Brian Bakst’s AP story quotes DFL Sen. Ellen Anderson: “Anderson failed in her attempt to add language preventing power companies from billing customers for planning and construction before a plant comes on line. ‘Give them a guarantee they won’t be gouged because of this,’ Anderson, of St. Paul, said of ratepayers. [Sponsor Amy] Koch and her allies contended that making utilities shoulder the full cost of planning and construction would stop them from considering it, effectively extending the state moratorium.”

Businessweek reporter Michael Gormley has a story that involves Sen. Amy Klobuchar banding together with other senators to plug a weird gap between agencies that allowed federal prisoners to file bogus tax returns claiming millions of dollars in refunds: “Pressure from U.S. senators in New York, Ohio, Minnesota and Florida in January led to an agreement signed Wednesday between the Internal Revenue Service and the federal Bureau of Prisons to break down bureaucratic and regulatory barriers to end the practice. … According to the IRS, the number of bogus tax returns filed by federal and state prisoners doubled in five years to 44,944 as of 2009. The amount of fraudulent claims during that time rose to $295 million, up from $68 million five years before. Prisoners nationwide have used their own names or the names of friends and associates to submit the false claims.” And I’m worried about square footage on my home office …

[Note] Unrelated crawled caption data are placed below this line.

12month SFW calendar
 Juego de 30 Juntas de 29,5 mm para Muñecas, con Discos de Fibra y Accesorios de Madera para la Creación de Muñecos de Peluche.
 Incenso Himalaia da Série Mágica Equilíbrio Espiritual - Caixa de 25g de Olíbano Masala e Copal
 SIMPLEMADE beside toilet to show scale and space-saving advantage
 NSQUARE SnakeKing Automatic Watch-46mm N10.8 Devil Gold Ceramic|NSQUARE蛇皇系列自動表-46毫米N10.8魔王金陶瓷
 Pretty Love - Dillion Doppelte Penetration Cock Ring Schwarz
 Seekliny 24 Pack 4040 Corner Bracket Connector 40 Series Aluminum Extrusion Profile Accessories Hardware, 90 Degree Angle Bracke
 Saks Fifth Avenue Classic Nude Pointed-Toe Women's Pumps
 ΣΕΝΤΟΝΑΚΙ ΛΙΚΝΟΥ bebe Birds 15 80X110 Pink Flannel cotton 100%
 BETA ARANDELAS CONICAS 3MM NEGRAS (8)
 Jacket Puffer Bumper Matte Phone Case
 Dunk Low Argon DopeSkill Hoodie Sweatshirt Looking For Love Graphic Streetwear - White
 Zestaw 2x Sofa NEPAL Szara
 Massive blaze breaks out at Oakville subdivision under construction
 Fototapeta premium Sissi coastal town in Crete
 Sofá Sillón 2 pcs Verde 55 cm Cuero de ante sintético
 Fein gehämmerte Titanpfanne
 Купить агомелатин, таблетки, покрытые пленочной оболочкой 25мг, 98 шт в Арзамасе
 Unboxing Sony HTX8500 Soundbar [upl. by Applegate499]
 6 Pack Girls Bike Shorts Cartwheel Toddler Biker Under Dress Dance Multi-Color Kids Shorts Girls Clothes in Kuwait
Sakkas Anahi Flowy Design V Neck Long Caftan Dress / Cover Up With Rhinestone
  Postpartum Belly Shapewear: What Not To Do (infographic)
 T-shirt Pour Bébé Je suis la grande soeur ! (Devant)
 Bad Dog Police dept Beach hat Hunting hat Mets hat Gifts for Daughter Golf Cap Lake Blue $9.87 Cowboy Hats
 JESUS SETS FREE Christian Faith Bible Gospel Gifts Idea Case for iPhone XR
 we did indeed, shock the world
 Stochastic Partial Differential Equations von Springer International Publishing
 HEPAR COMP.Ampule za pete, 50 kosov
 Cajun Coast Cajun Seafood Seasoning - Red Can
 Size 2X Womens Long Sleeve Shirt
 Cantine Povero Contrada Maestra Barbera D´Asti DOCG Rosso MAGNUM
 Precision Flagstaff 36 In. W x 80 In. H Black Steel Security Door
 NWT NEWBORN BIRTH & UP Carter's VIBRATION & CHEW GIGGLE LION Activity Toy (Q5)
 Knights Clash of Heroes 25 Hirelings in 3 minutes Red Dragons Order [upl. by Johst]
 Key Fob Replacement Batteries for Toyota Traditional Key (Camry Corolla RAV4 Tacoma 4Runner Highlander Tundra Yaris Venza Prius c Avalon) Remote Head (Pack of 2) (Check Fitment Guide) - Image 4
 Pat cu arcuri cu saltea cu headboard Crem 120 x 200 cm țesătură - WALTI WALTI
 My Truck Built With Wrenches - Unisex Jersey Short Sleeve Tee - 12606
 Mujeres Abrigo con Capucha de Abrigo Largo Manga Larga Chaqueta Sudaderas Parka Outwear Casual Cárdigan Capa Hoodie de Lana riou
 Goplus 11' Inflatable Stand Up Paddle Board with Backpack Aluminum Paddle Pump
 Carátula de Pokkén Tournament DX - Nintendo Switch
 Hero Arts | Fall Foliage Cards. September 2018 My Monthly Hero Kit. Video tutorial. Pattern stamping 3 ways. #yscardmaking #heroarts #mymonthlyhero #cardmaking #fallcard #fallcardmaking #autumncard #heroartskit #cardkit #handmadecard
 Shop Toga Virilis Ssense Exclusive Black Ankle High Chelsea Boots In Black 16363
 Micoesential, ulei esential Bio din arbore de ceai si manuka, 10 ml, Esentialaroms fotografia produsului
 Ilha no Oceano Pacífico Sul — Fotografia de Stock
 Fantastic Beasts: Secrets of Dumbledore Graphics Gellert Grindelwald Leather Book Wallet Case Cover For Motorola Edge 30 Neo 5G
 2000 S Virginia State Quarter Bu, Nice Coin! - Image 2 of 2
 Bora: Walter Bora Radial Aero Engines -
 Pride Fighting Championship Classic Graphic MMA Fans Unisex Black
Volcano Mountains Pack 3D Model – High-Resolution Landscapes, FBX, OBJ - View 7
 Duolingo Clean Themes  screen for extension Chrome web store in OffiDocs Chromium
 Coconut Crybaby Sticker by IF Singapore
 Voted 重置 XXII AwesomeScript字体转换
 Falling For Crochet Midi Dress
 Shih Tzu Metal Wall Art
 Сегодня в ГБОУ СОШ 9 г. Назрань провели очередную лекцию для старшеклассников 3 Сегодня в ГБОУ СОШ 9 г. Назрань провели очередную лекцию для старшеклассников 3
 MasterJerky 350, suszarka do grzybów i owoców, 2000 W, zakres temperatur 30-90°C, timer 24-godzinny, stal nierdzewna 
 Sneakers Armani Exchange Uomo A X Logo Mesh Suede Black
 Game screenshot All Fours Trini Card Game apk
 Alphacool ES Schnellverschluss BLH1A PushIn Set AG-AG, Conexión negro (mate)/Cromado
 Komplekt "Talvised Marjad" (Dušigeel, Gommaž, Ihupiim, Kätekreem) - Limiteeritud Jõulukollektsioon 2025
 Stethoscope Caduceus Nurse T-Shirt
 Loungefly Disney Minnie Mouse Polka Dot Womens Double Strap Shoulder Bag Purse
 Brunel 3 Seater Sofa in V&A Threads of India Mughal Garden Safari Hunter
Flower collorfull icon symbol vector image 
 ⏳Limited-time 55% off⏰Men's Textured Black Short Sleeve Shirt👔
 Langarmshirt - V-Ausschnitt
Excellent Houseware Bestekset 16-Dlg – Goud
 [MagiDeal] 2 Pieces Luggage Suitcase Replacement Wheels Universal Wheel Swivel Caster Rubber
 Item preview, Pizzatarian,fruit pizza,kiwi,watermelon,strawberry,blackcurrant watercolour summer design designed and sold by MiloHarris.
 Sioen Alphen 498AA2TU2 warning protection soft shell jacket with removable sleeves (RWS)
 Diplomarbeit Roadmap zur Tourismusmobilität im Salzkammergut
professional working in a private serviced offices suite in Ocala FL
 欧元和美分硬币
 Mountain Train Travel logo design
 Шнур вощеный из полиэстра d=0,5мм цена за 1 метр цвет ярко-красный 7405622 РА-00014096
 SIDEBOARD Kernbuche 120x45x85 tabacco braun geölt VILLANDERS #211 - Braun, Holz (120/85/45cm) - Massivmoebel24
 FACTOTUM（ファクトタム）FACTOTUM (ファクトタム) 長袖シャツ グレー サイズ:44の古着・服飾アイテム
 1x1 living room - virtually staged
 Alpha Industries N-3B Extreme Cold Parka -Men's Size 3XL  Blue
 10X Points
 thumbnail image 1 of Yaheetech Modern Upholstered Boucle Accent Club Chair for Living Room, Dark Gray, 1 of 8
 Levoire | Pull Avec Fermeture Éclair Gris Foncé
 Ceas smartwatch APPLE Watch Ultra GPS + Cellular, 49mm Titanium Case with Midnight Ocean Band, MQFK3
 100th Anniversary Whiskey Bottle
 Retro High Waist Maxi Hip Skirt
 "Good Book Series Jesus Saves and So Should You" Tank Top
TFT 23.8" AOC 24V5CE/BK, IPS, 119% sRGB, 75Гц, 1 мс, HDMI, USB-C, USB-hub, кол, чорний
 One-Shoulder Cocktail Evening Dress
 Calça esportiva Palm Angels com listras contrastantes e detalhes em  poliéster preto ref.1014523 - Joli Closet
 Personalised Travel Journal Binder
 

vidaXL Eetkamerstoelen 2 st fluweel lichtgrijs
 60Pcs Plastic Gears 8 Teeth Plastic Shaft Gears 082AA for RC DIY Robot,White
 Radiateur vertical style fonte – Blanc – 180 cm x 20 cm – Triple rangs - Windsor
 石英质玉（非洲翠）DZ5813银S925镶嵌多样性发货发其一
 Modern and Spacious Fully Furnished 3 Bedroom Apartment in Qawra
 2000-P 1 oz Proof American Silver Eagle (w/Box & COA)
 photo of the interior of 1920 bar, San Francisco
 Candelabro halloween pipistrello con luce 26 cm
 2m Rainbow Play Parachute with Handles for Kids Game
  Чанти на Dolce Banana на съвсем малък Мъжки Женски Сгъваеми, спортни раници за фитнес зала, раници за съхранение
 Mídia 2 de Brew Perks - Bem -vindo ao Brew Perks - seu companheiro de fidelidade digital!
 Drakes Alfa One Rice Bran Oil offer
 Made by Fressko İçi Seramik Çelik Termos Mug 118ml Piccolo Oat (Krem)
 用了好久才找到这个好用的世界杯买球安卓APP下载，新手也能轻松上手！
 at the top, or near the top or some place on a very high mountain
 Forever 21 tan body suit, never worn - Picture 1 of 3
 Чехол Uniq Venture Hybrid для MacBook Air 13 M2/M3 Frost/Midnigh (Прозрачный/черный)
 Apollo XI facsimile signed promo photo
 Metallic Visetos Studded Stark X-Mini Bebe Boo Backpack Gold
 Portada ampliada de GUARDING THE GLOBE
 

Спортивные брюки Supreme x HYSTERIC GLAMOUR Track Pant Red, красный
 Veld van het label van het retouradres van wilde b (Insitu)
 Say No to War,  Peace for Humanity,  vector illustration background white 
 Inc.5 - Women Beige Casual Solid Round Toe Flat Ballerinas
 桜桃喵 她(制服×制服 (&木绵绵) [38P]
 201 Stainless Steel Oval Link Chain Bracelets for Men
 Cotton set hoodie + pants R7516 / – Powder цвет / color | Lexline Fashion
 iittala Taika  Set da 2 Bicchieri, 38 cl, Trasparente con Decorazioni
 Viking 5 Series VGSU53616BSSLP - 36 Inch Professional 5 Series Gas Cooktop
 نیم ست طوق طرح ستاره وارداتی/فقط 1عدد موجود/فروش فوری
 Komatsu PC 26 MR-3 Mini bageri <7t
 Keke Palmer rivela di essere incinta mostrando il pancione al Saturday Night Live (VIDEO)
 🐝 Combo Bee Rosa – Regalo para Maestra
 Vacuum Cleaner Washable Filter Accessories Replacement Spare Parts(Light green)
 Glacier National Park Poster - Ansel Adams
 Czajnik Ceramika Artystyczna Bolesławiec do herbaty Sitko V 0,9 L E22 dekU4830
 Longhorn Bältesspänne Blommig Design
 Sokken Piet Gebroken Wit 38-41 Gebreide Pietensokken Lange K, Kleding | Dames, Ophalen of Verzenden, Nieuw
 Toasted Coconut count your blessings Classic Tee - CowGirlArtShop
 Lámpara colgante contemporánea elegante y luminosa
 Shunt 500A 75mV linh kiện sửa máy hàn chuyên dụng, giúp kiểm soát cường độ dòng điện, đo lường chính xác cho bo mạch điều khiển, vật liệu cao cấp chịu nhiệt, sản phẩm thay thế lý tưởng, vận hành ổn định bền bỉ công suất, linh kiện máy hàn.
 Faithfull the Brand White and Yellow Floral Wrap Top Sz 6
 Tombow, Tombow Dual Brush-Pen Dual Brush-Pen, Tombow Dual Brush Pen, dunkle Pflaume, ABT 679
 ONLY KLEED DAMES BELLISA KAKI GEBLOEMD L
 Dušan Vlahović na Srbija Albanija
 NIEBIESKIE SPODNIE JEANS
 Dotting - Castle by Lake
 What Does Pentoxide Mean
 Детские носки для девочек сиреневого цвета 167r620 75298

Some stories spark a wave of intense skepticism. But the Strib’s Dan Browning says mega-bank Chase is actually planning on setting up a local shop to help “underwater” home-owners: “These counseling centers provide struggling homeowners with face-to-face advice and resources to help them stay in their homes, the bank says. ‘We want to reach as many homeowners as possible and try to help,’ said David Lowman, CEO of Chase Home Lending. ‘We educate borrowers on their options and help structure a solution that’s right for them. Our new centers will dramatically expand the reach of this program and we hope help keep thousands more homeowners in their homes.’ ” Given the big banks’ track record with mortgage modification, you’re excused if you suspect an influx of “robo-signers.”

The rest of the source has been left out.